Of course, it's the psychological duel between Joker and the latest incarnation of Robin that takes center stage.  After murdering Jason Todd in "Death in the Family," it was kind of hard to see where Joker could go next, other than the sensational maiming of Batgirl.  He became a signature foe for Tim Drake in the series of mini-series that led to the first Robin series, but otherwise disappeared off the radar.

So it's no wonder that Snyder chose to depict his comeback as a war against the Batman family, and with so many Robins running around, the Joker is like a kid in a candy store.  It does strain credulity that he would have the energy to torment all of them at more or less the same time (a conceptual weak point in this event that is thematically so similar to Snyder's previous "Night of the Owls"), but if we get to have Joker meet Damian, then all the better.  Although of course they did previously encounter each other in a previous incarnation of Batman and Robin under the auspices of Grant Morrison.  But the Joker was biding his time, apparently for this.  He wasn't exactly himself.

(Although the joke of the character is that he can have any personality he wants.)

The challenge for every writer in this event is to present Joker in such a way that he seems immediately relevant, striking personally at each of the members of the Batman family.  Some of his targets are more obvious.  Damian certainly isn't.  And he's also the one character who isn't afraid of the Joker.

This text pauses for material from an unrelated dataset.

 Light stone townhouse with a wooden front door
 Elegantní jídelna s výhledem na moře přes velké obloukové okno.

At times Tomasi and Gleason have forgotten that their best feature in this series is Damian, and when they aren't inspired it's obvious.  But when they are, they produce their best work, and this is the best of the best, belying the common adage that a crossover produces perfunctory material.  Creators who don't mind accepting a challenge will be able to work with anything.  Well, these guys have recognized that the Joker at his best is capable of the best, I'm sure you suspect by now, I'm pretty high on this issue.  It's probably the mandatory reading of "Death of the Family," with all apologies to Snyder.

Friday, January 4, 2013

Batman Incorporated #5 (DC)

writer: Grant Morrison
artist: Chris Burnham


The most memorable single issue of Dark Knight adventures that Grant Morrison has written to date is Batman #666, which flashes forward to the future, where Damian Wayne has assumed the famous mantle.  In many ways it's a preview of how Morrison would later write both incarnations of Batman Incorporated, having fun writing as normal a Dark Knight adventure as he can.  This was more evident in the first volume, because in the second it's become more apparent that all of this is leading somewhere.

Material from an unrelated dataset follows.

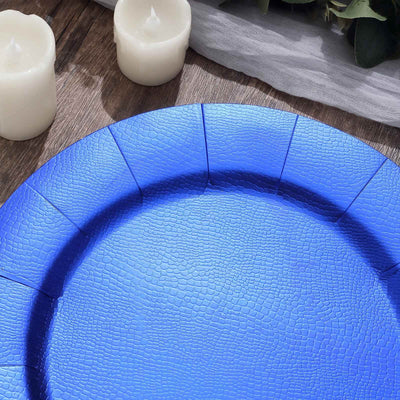 Blue textured serving plate on a wooden table with candles.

So it's only appropriate that we finally revisit that world of tomorrow.  The twist this time is that it's a manifestation of Bruce Wayne's, the current and iconic Batman, fears of the future, specifically of Damian, the current Robin, inheriting the cowl.  Much like the post-Crisis on Infinite Earths version of Jason Todd (who ended up being killed off in "Death in the Family" but later returned as the new Red Hood, a role he still inhabits), Bruce sees a bad future for Robin, and as much as he's been motivated since the events of "R.I.P." to expand his legacy to include the more active participation of others, he now seems just as concerned to make sure that his own son doesn't bring things back full circle, a Batman who functions alone, and thus more dangerously.

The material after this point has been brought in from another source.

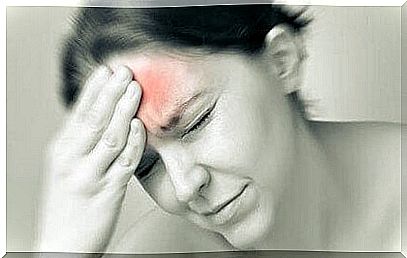 Woman with pain in forehead illustrates migraine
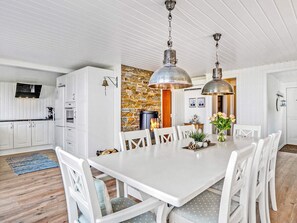 A modern kitchen with white cabinetry, a stone accent wall, and a dining area with a white table and chairs.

It's a great spin on Batman #666, and as I've suggested is a strong indication that Morrison has been deliberately unfolding the story begun with his introduction of Damian from the start, even when it's seemed like the story has gone off in other directions.  That's a good argument for the Batman Incorporated reboot that occurred last year, because it allowed Morrison an opportunity to begin a fresh statement without undoing what he'd previously done, much as the transition to Batman and Robin helped put the focus back on Damian in the first place.

Batman Incorporated #5 may not be standalone essential like Batman #666, but in the grand scheme, it's essential to the greater arc Morrison has been weaving since Batman #655 in 2006.